March 24, 1992
Months ago a humorous article from the Fort Lauderdale Sun-Sentinel caught my eye. In it, Ray Recchi makes long comments about the state of the nation and the main reason for it. He concludes that “a lot of Americans are just plain stupid . . . .”
Recchi supports his charge with statistics and offers pertinent questions about the foolish things that people do and say — but the label “stupid” makes me mad. If most people who read the article are like me, they immediately assumed it was about a whole lot of other people, not them.
Counselors call this transference or some other long word that simply mean blame-shifting. We all do it. It is a defense mechanism. I use it too. Whenever someone’s accusations are hitting too close to home, if I can find someone else it fits better, then the pressure is off me. Unfortunately, the Bible doesn’t let me get away with it.
God’s Word certainly doesn’t gloss over our humanness. People shifted the blame and pointed fingers just as much then as we do now. Jesus had to command us not to judge others. It is so easy to accuse someone else of having a “splinter in their eye” when we have a log in our own (Matthew 7). However, Recchi’s article has another Scriptural parallel. When God told Israel the reason for the mess they were in, He basically said, “a lot of my people are just plain sinful.” Of course, true to human nature, they basically said, “Who? Me?” They were not prepared to accept the label either.
Again, we haven’t changed much. We resent being called sinners and will adamantly deny sin is present in our lives. We will rationalize and even re-define it so we can escape the label. Unfortunately, both Recchi and God can back up their label with statistical proof.
From one end of the Bible to the other, there is record of the sinful deeds that all people commit. Adam and Eve disobeyed the only command God gave them. Cain murdered his brother out of jealousy. Joseph’s brothers hated him and sold him into slavery. David committed adultery and murdered the woman’s husband. Solomon, wise as he was, multiplied for himself gold, horses, and wives and fell to idol worship at the end of his life. The kings of Israel built shrines for pagan deities. The people of God killed the prophets He sent and crucified His Son. The early church also struggled with sin in its midst. The apostle Paul wrote that everyone can see the glory of God in creation and are aware there is a God that deserves our worship — yet many are not thankful and turn from Him to make and worship idols.
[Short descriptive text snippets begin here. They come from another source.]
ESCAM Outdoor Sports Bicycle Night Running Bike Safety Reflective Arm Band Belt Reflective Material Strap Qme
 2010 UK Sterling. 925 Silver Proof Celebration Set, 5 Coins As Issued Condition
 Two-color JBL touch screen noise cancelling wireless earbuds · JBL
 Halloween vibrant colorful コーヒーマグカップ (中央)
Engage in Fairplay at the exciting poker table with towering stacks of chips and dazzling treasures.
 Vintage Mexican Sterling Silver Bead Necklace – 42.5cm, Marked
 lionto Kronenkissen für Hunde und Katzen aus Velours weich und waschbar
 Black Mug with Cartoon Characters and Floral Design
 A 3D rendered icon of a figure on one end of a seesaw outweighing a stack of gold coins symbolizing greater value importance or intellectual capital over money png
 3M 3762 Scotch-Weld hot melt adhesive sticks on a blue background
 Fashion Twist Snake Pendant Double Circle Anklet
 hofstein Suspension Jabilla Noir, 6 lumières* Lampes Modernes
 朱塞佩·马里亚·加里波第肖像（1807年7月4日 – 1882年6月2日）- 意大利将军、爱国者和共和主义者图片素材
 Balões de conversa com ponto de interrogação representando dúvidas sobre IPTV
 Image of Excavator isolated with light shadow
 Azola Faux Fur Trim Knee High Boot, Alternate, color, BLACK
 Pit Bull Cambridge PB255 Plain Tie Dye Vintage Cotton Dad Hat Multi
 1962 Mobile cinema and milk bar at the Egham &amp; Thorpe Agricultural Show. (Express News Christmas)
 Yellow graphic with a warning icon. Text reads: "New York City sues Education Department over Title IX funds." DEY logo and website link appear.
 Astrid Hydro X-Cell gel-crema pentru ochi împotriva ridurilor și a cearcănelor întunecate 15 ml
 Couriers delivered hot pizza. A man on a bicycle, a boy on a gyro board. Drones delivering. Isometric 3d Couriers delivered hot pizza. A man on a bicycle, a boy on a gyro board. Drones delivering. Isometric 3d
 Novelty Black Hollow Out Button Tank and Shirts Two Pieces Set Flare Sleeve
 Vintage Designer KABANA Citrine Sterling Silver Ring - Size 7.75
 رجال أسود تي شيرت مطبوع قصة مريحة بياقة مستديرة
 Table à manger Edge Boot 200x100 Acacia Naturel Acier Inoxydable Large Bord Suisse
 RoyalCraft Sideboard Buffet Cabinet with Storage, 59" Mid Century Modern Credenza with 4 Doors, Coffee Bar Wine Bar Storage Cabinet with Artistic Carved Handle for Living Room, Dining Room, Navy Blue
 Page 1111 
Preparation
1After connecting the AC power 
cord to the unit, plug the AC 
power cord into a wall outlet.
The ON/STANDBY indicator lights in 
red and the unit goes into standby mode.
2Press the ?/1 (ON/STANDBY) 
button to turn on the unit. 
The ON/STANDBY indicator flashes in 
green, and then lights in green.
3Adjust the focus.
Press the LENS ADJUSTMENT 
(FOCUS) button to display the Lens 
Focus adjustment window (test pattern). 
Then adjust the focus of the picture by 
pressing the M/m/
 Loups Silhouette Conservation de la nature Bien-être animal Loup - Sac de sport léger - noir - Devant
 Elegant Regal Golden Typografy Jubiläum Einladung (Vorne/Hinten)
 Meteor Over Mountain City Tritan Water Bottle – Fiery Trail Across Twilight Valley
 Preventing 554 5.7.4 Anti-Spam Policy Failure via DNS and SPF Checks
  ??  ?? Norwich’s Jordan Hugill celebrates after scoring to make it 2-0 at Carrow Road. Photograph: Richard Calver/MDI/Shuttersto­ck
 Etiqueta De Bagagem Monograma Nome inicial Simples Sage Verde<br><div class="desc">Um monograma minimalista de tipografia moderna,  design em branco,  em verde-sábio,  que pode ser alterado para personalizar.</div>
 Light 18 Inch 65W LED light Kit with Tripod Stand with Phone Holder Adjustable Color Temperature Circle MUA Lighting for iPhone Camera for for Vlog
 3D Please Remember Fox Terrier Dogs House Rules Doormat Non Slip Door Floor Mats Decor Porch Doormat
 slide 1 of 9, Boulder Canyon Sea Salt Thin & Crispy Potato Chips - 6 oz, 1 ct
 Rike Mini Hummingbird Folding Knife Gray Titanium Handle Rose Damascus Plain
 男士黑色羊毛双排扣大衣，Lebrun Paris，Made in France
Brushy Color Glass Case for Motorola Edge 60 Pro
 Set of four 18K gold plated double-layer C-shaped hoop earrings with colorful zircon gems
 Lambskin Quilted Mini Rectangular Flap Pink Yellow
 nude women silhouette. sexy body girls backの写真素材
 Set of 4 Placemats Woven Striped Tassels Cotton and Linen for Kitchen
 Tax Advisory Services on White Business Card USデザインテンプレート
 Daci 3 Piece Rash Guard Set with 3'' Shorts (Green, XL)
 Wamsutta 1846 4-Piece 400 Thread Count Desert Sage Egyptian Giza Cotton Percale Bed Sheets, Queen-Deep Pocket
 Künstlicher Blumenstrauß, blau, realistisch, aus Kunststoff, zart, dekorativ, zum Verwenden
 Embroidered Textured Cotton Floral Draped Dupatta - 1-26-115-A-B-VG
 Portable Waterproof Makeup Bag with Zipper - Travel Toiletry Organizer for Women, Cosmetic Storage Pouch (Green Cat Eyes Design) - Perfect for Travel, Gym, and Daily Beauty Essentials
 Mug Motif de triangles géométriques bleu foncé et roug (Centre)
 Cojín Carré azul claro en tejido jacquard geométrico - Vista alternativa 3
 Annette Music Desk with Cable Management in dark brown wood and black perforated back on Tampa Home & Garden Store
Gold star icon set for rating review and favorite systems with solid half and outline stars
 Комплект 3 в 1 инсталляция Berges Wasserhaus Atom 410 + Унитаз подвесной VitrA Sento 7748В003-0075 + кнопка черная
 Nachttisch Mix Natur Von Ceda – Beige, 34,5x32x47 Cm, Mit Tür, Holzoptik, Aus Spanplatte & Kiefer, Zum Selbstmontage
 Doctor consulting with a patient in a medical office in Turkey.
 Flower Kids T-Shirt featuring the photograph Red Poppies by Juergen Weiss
Jesus jumped with both feet on the hypocritical religious leaders of His day. He called them “whitewashed tombs which appear beautiful outwardly but inside are full of dead bones and all uncleanness.”
Certainly, from pagan to priest, “All have sinned and fallen short of the glory of God.” The sin might be overt things like murder, adultery, stealing and lying or more hidden things like cursing God in our heart and doing our own thing, independent of His will. Refusing to thank God for His abundant care is just as much as sin as lust, hate and jealousy.
Our problem is admitting it. We hate the label, pin it on someone else who seems worse, rather than accept what the evidence suggests. We don’t want to consider the consequences: “the wages of sin is death . . . .”
Ricchi’s article failed to offer a solution for stupidity, however the Bible does offer a remedy for sin. When we are willing to admit our need, we can understand, want, and accept the solution, “. . . the gift of God is eternal life through Jesus Christ our Lord.”